* **EXERCISE INPUTS**
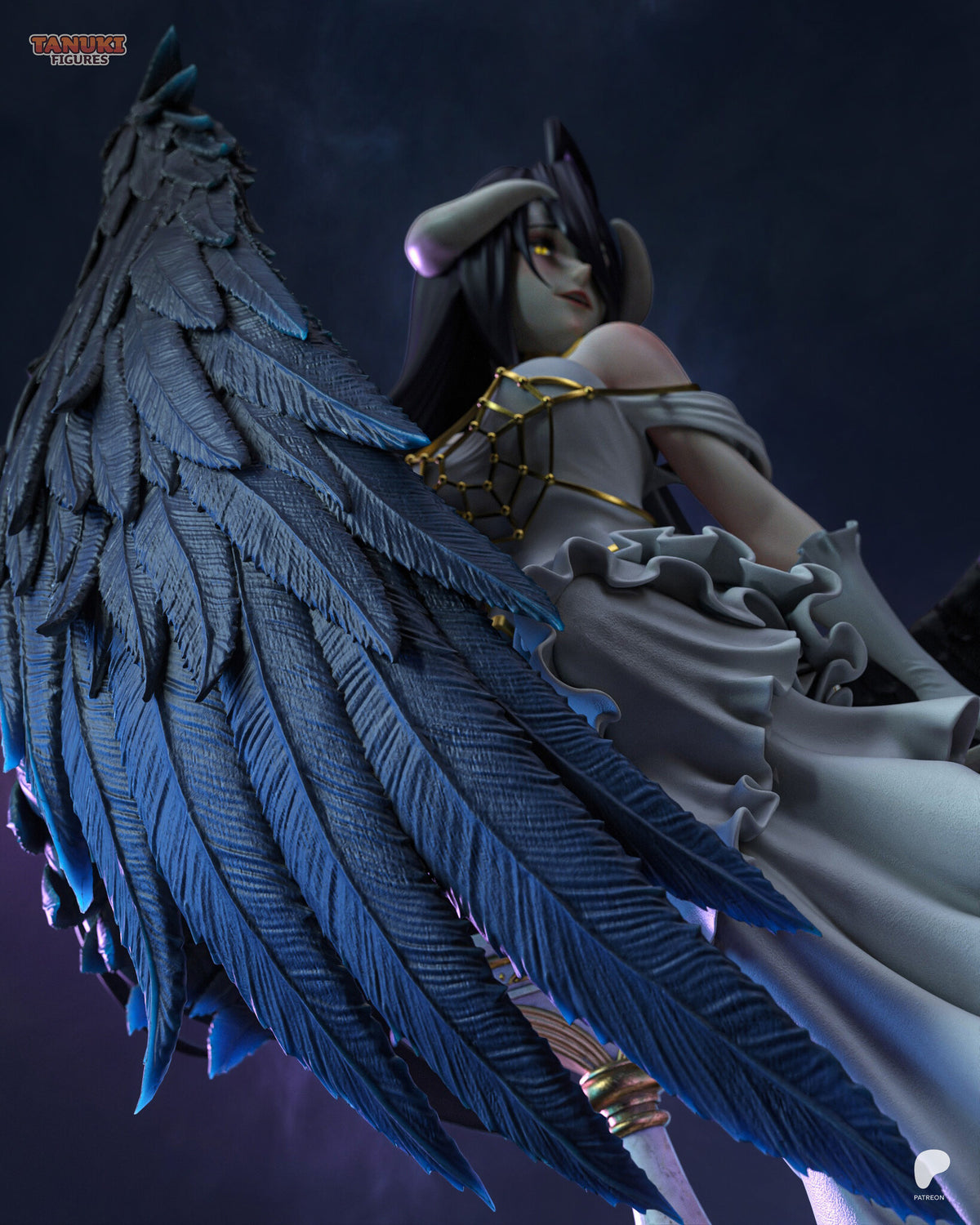 Sculptor's render (kit ships unpainted): close view of the feathered black wing with blue highlights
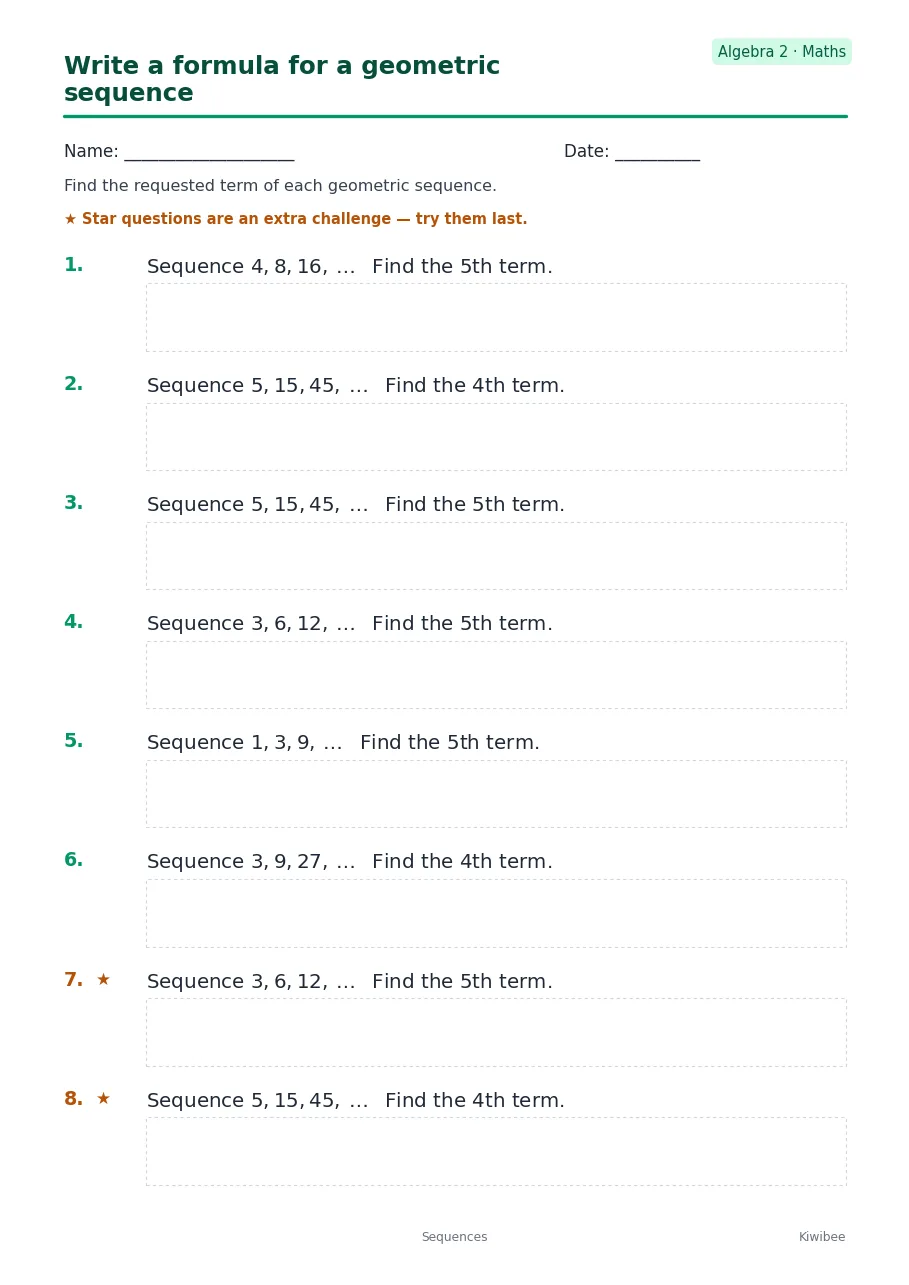 Write a formula for a geometric sequence
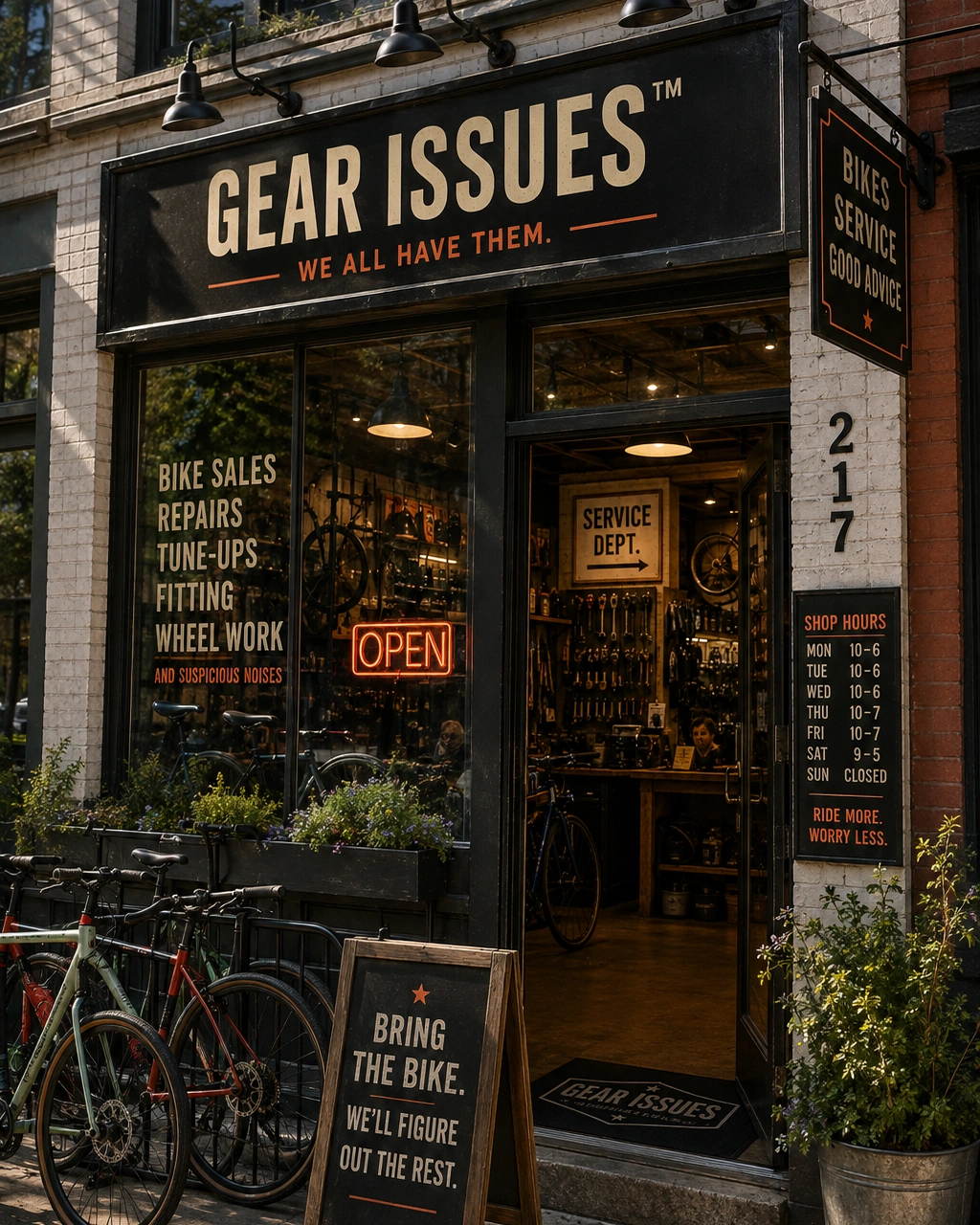 Independent neighborhood bicycle shop storefront with bicycles, workshop-style signage, and welcoming entrance
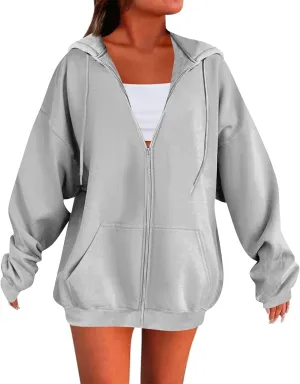 slqdgmryz Womens Zip Up Hoodies Oversized Fleece Jacket Winter Plain Y2k Hoodie Drawstring Hooded Sweatshirt with Pockets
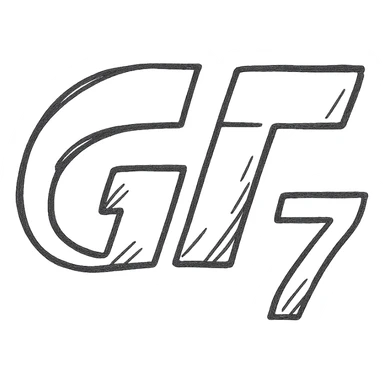 GT7 logo in a hand-drawn outline style sticker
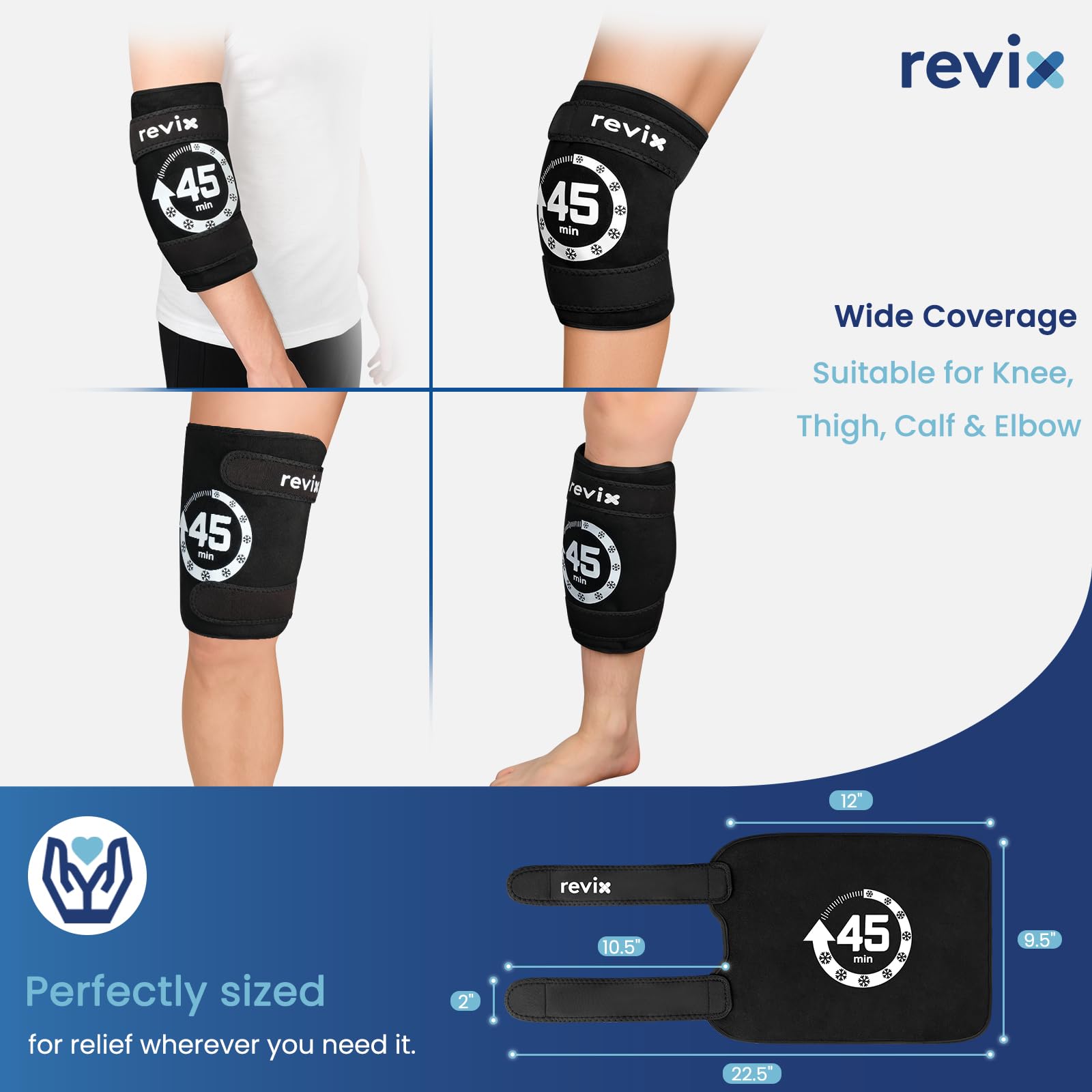 REVIX Genou utilisation allongée pour soulager après l'exercice.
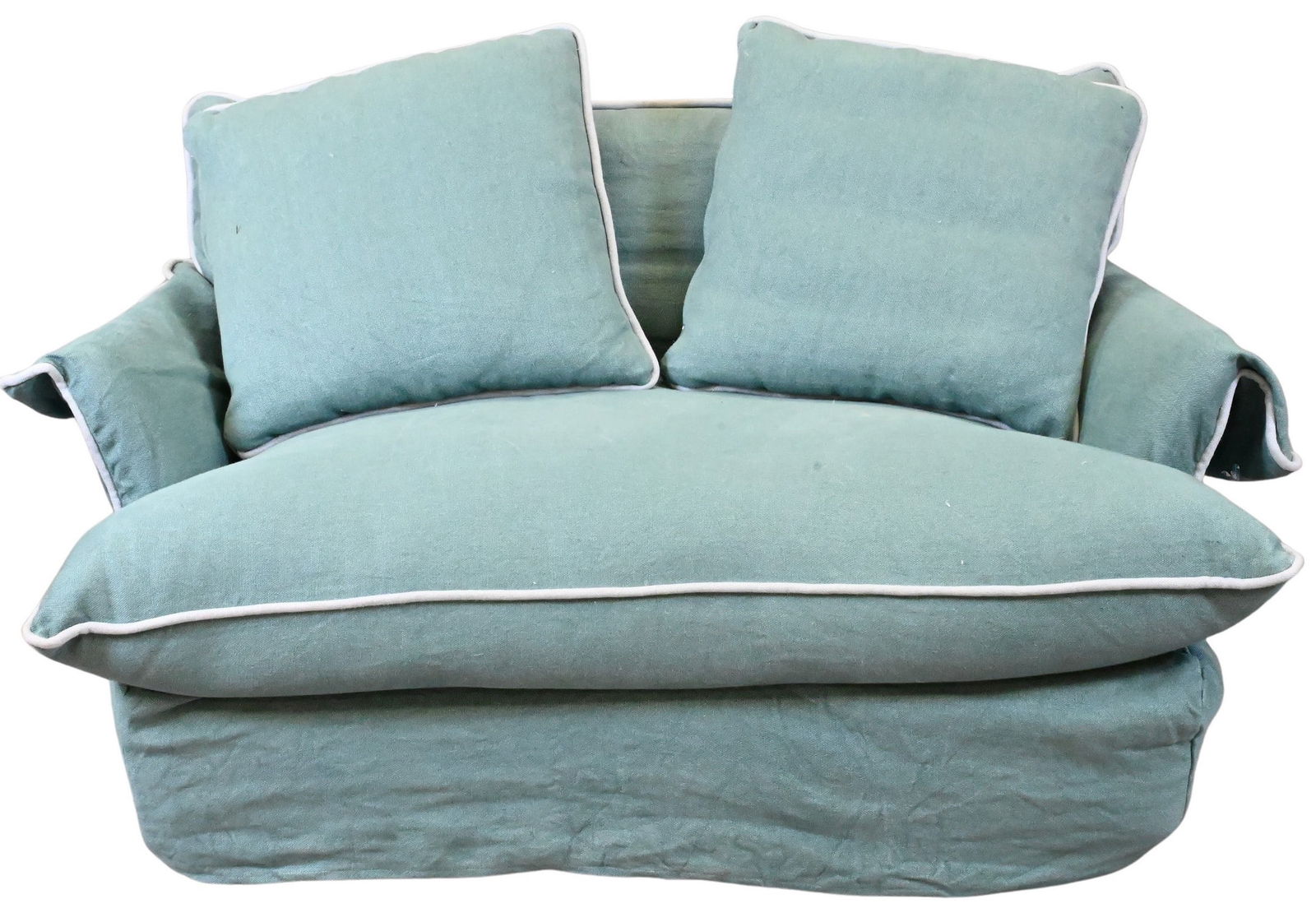 Maker and Sons Upholstered Loveseat: Maker and Sons Upholstered Loveseat having custom fitted slip cover along with two extra fitted slipcovers height 31 inches, length 56 inches, depth 42 inches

* **WORK REQUIRED**
Give the records again without a single change, and exclude the pictures.

* **RESPONSE**
 Sculptor's render (kit ships unpainted): close view of the feathered black wing with blue highlights
 Write a formula for a geometric sequence
 Independent neighborhood bicycle shop storefront with bicycles, workshop-style signage, and welcoming entrance
 slqdgmryz Womens Zip Up Hoodies Oversized Fleece Jacket Winter Plain Y2k Hoodie Drawstring Hooded Sweatshirt with Pockets
 GT7 logo in a hand-drawn outline style sticker
 REVIX Genou utilisation allongée pour soulager après l'exercice.
 Maker and Sons Upholstered Loveseat: Maker and Sons Upholstered Loveseat having custom fitted slip cover along with two extra fitted slipcovers height 31 inches, length 56 inches, depth 42 inches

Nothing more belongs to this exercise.